Adams, who trained at Harvard, was impressed with Gateway’s talented staff, but most impressed with Mayfield himself.
“The first thing that comes across when you meet him is that sparkle in his eyes that conveys the passion and clarity of his vision,” he says. “He’s a great people person with a high degree of emotional intelligence, and that’s just huge for any leader of an educational institution — he possesses left brain reasoning, but it’s his right-brain affective relational sensibility that makes him really stand out.”
Terry and Alex Meadows of Kentfield, California, sent their son, Austin (not their real names), to Gateway’s summer camp three years ago. Austin is small for his age, and suffers from Tourette Syndrome, ADHD, and a tic disorder, all of which has made him an easy target for bullying at school. Terry wanted Austin to try climbing, but the minimum age was 14.
“Peter identified with Austin, and let him climb with the older kids, and sure enough, Austin thrived,” Terry says. “Austin said he felt good every time he was around Peter – he just adored him.”
“He showed me that I was welcome, even though I felt apart from the other kids,” says Austin, now 12. “You’d be there and no one would make fun of you and he’d support you and do everything in a nice way.” Austin says Mayfield was “really understanding,” and although Mayfield challenged Austin to try climbs that he might consider over his head, “he understood if you didn’t want to [climb] something.”
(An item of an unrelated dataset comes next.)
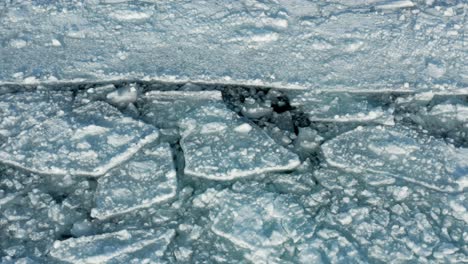 Aerial,-cracked-polar-ice-sheet-caused-by-global-warming,-concept-of-climate-change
“He’s one of those people you can look up to,” says Austin.
Austin’s transformation was so obvious to Mayfield and his staff that they applied for funding to take the work out to the mental health care community. He had already used elements of nature-based therapy in his work with at-risk youth at Sierra Continuation High School — work Al Adams calls “phenomenal” — and now Mayfield believed a similar approach could effectively supplement traditional mental health treatment regimens. Gateway’s resulting program, “Whole Hearts, Minds, and Bodies” runs under a grant administered by Placer County, and combines outdoor adventure activities, nutritional counseling, academic tutoring, mentoring, and nature-based therapy to form the same kind of transformative amalgam that helped Austin. Mayfield says the mentoring element is key to the success of the program.
“One of the best predictors of resiliency in troubled kids is having a consistent, caring relationship with a non-parental adult,” he says.
If there is a leitmotif in Mayfield’s career, it’s making peak experiences accessible to all. John Muir urged his readers to “climb the mountains and get their good tidings,” but Mayfield knows that most don’t have the knowhow or disposition to self-style their own adventures, let alone grok the relationship between wilderness and sanity. “Nature’s peace will flow into you as sunshine flows into trees,” wrote Muir. “The winds will blow their own freshness into you, and the storms their energy, while cares will drop off like autumn leaves.” In essence, Mayfield is a utopian who believes the world and its denizens can be healed by Muir’s prescription. That’s why he does what he does.
And if he has his way, no child will be left inside.